Yesterday we stated the five matters that must be established when probate of a lost Will is sought:
- it must be established that there actually was a will,
- it must be shown that that will revoked all previous wills,
- that the presumption that when a will is not produced it has been destroyed must be overcome,
- there must be evidence of its terms, and
- evidence of due execution.
Anne gave evidence she clearly recalled that she and Johannes instructed a solicitor to prepare wills and attended his office for the purpose of signing the wills; that Johannes told his son more than once that under the provisions of the Will everything would go to Anne.
Anne claimed that Johannes repeated this to his nephew and business associate and said that the Will was with his solicitor; however the solicitor did not have any recollection of a will. It was further plead that Johannes told his solicitor that he had left everything to Anne, but after searching his records the solicitor could not find any file or notes concerning a will.
The Court held that evidence Anne plead in support of her case contained statements that were hearsay (a witness can only tell the court what she saw or heard, not what someone else told the witness had occurred)- made by the solicitor alleged to have made the Will, her solicitors and friends. The Court was not satisfied that the evidence plead met the requisite level of clear and convincing proof that a will was made by Johannes let alone whether any will he signed was validly executed.
Anne’s evidence of her recollections of signing the will make it more probable than not that there actually was a will, however the solicitor she claimed made the Will had no recollection of a Will being made. Further the evidence did not show clearly and to the requisite standard that if a will was made it revoked all previous wills and was duly executed.

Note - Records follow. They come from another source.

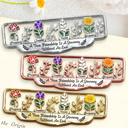 Gift For Bestie, Old Best friends, Best friends' Hobby, Happy - It Takes A Long Time To Grow An Old Friend Birth Month Flower - Personalized Custom Shaped Metal Bookmark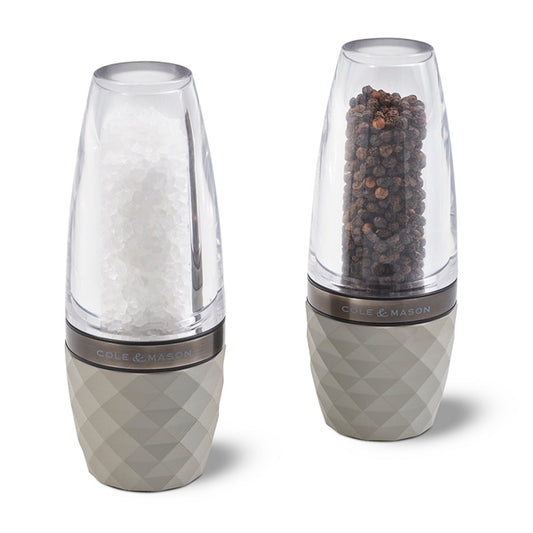 Cole & Mason City Concrete & Acrylic Salt and Pepper Mill Gift Set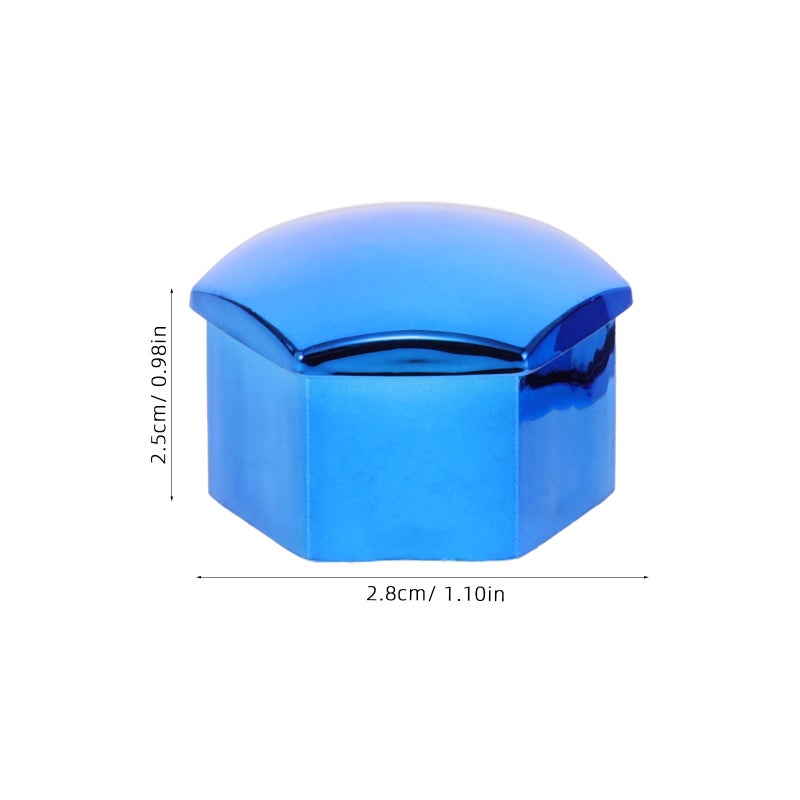 20pcs Wheel Hub Nut Cover Wheel Lug Nut Cover Replacement Car Wheel Nut Cover With Nut Cap Install Tool Vehicle Accessory - Image 3
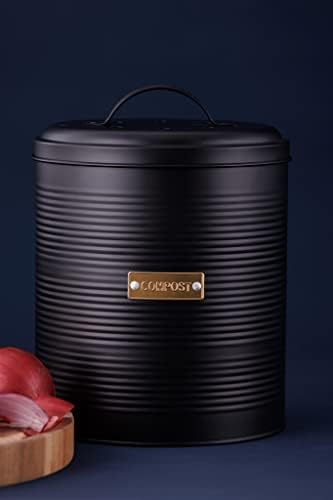 Typhoon Otto Black 2.5 Litre Compost Caddy
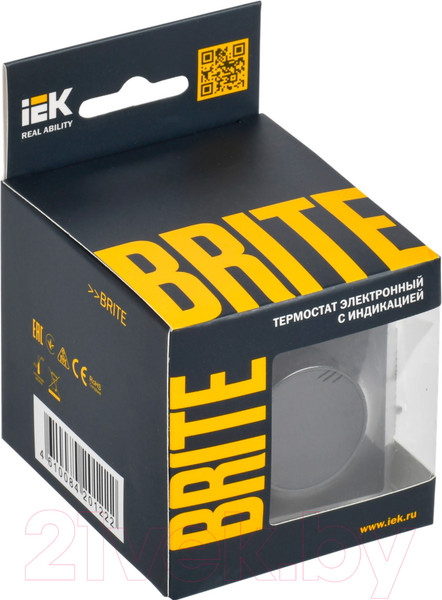 Изображение товара Термостат для климатической техники IEK Brite BR-RT11-K53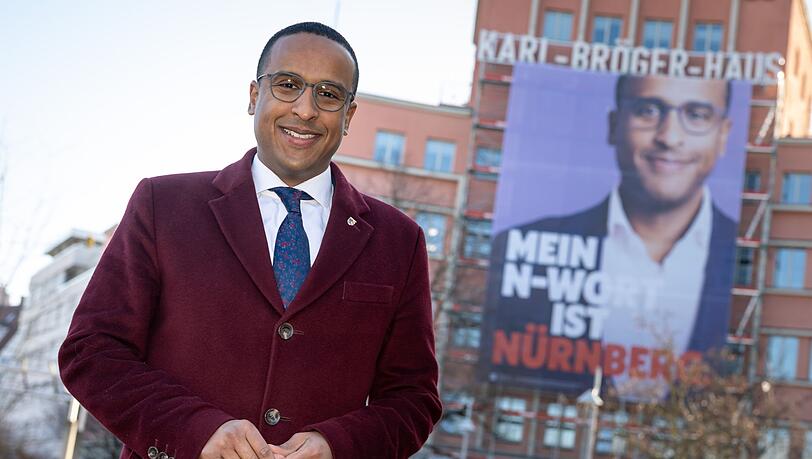 Nasser Ahmed hat nach eigenen Angaben seit der Bekanntgabe seiner Kandidatur Anfeindungen erlebt. Das Plakat sei eine Reaktion darauf, sagt er.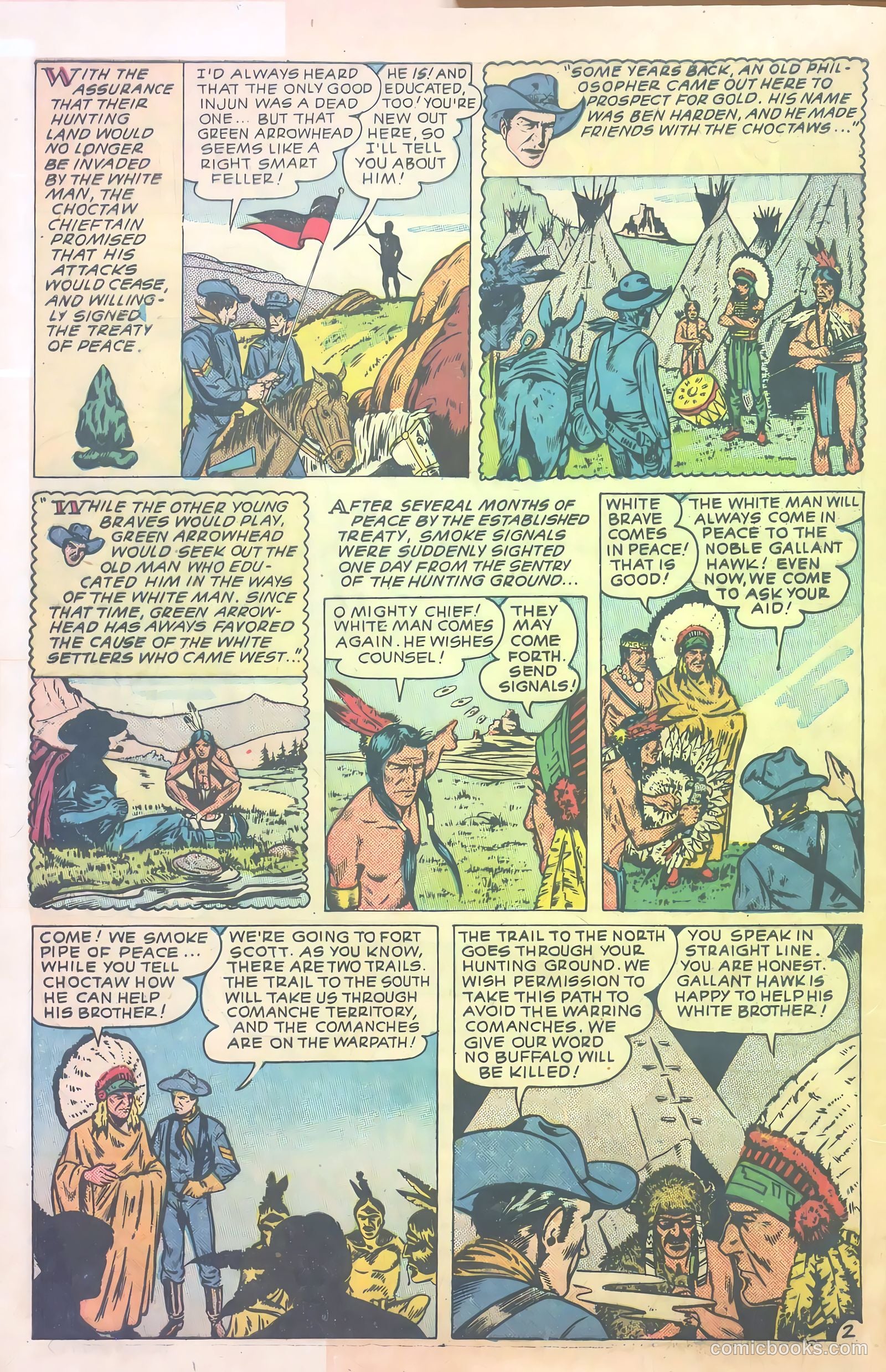 Indian Braves #1 (1951) — page 4 of 36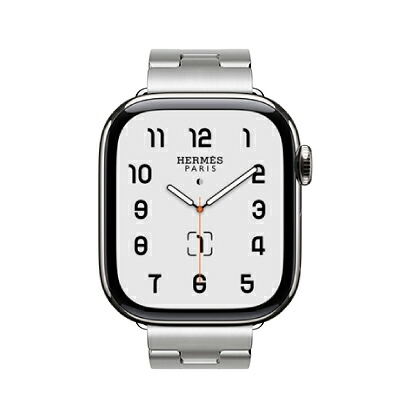 Apple Apple Watch Hermes Series11 42粍 GPS+Cellularひな形 MF9P4J/A+MXJV3FE/A A3335【シルバーチタニウムケース/(サティネ)グランH・シンプルトゥールブレスレット(S)】 [未当て嵌める] 【当社６ヶ月引きうける】 イオシス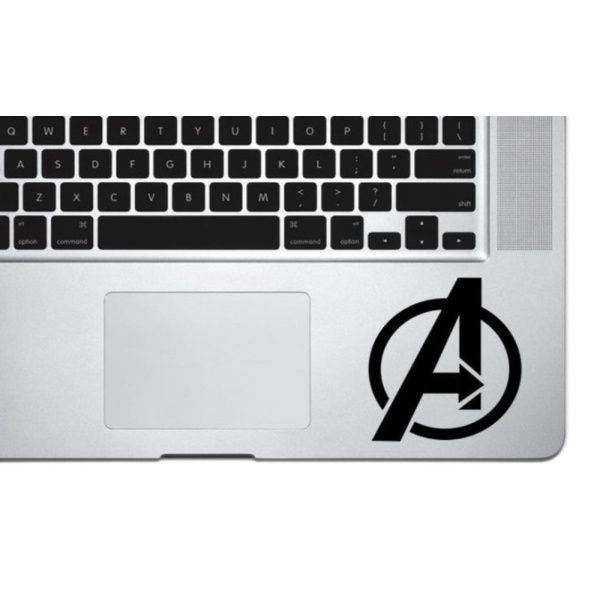 Grosir Decal Sticker Macbook Apple Macbook Avanger Marvel Logo Stiker Laptop Termurah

The Court considered that the evidence provided did not overcome the presumption that when a will is not produced it has been destroyed. Similarly the issue that Anne is the sole beneficiary of the will is based upon the recollection of conversations that she had with the solicitor; and hearsay evidence of Johannes’ son and nephew. In the absence of evidence from the solicitor and in the presence of so much hearsay evidence, Anne did not have a convincing case.
As Anne was Johannes’ widow she would inherit the estate through intestacy rules. However it is an important example for making sure that you plan for your future. Investigate your requirements for income protection insurance, that your superannuation will be sufficient for your retirement, importantly you need to discuss your wishes and create Advance Care Directives, & Powers of Attorney in the event that you lack the capacity to manage your own affairs. It is always a good time to create a Will, as the death of a loved one is difficult enough without the further complications of intestacy.